Proctor avala sa salive et se rendit compte que
le sentiment de puissance qu’il avait éprouvé quelques instants
plus tôt n’était qu’une illusion.
— Alors, on passe un marché ? le
pressa Starkey.
Il tendit sa main gantée à Proctor qui la serra
avec effusion. Starkey grimaça, mais même la grimace était
davantage un signe de force que de faiblesse.

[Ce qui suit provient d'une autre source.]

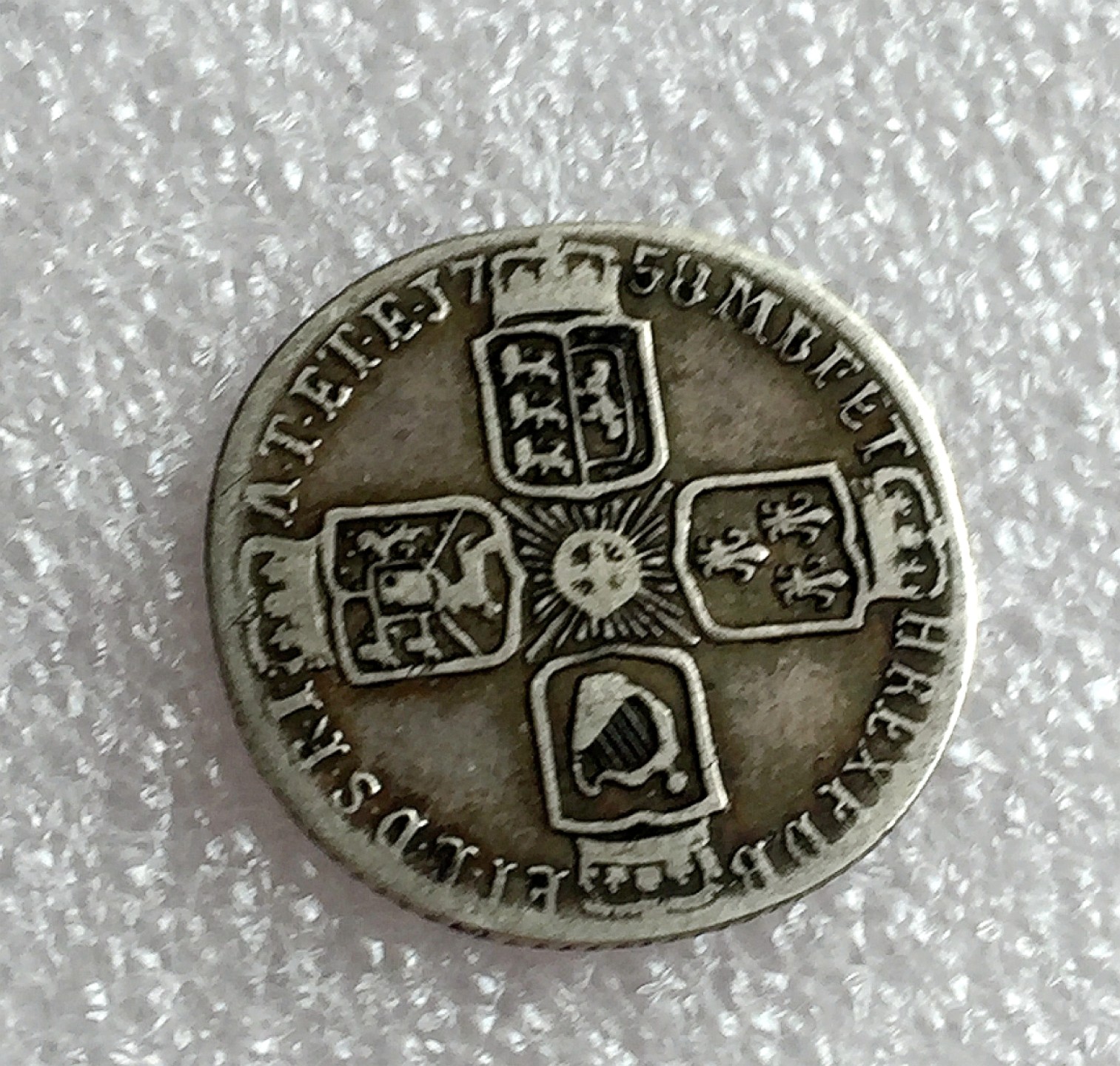 方圆集藏首期专场 9823-英国1758年乔治二世6便士银币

— Comme tu l’as dit, vous avez tout payé,
dit Proctor. Je n’ai besoin de rien d’autre pour le moment. Ç’a été
un plaisir d’accueillir le camp du Héron rouge et j’espère vous
revoir l’été prochain.
Même si tous deux savaient que c’était le
dernier de ses souhaits.
Les jambes légèrement flageolantes, Proctor prit
conscience de quelque chose. La photo de sa fille qui semblait
avoir disparu au cours de leur conversation se trouvait à présent
dans la poche de sa chemise. Alors qu’il la regardait, les larmes
lui vinrent aux yeux. Plutôt que de ressentir de la colère, il
éprouvait de la gratitude. La reconnaissance de ne pas être fou au
point de risquer sa vie ou celle de son fils.